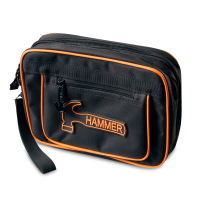 Hammer XL Accessory Bag - Black/Orange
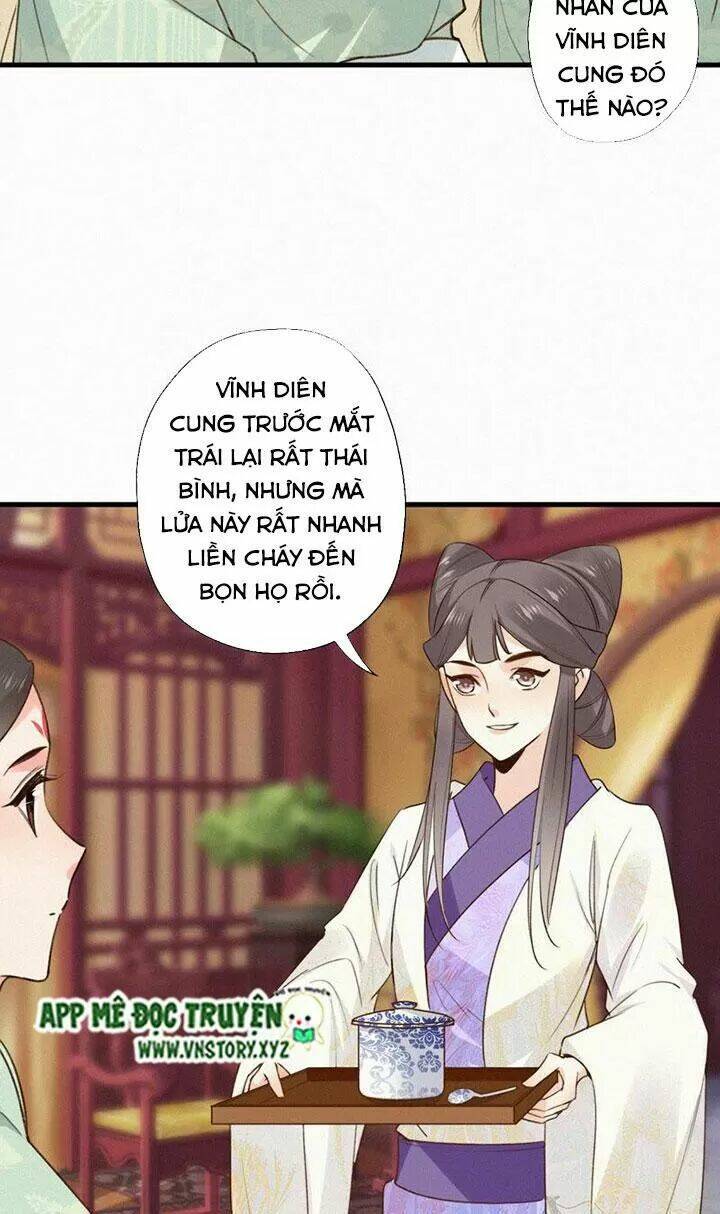 thiên hương mỹ nhân chapter 121 19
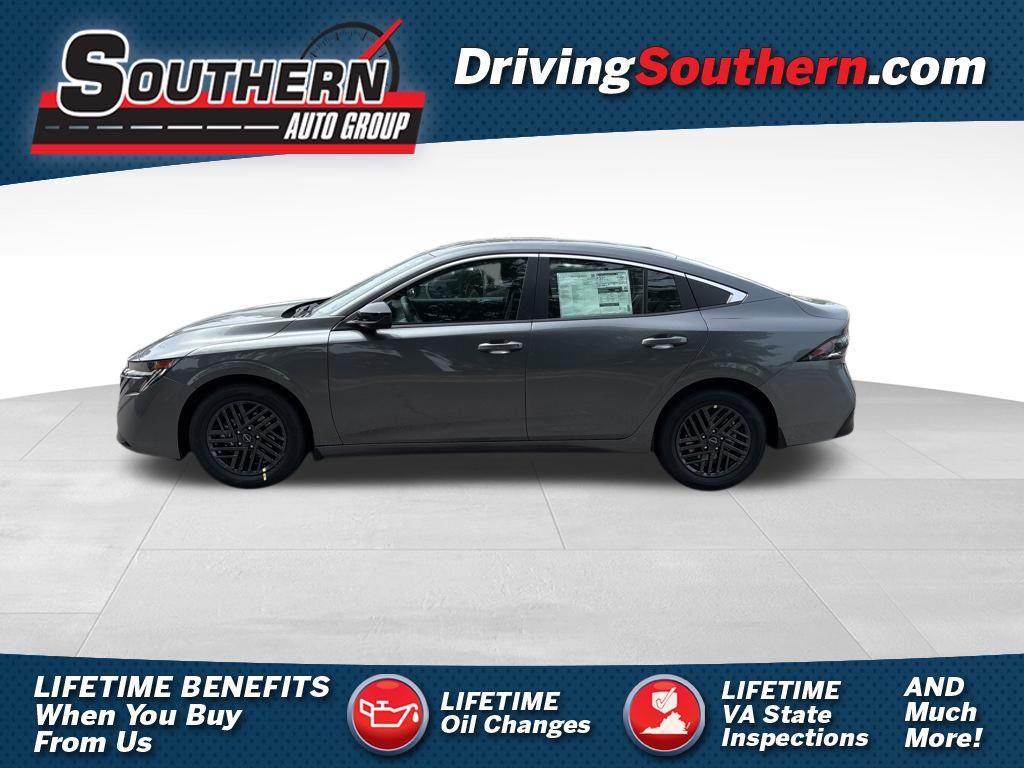 New 2026 Nissan Sentra SV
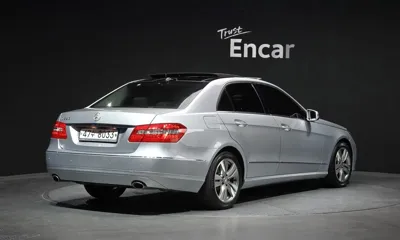 Mercedes-Benz E-Class 2010, 137134 км, за 8700000 KRW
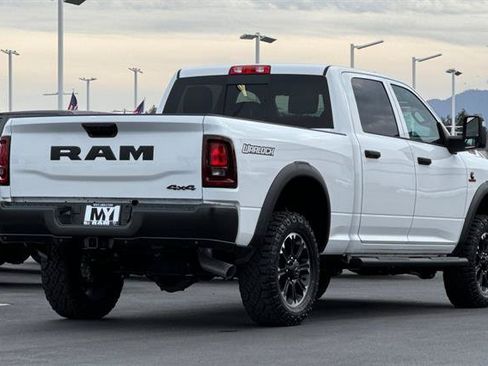 New 2026 RAM 2500 Warlock AWD/4WD image 3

++++++++++++++++++++

Retype exactly the lines from the line containing "thiên hương mỹ nhân chapter 121 19" through the end of the entries above, including both ends, and leave every picture out.

 thiên hương mỹ nhân chapter 121 19
 New 2026 Nissan Sentra SV
 Mercedes-Benz E-Class 2010, 137134 км, за 8700000 KRW
 New 2026 RAM 2500 Warlock AWD/4WD image 3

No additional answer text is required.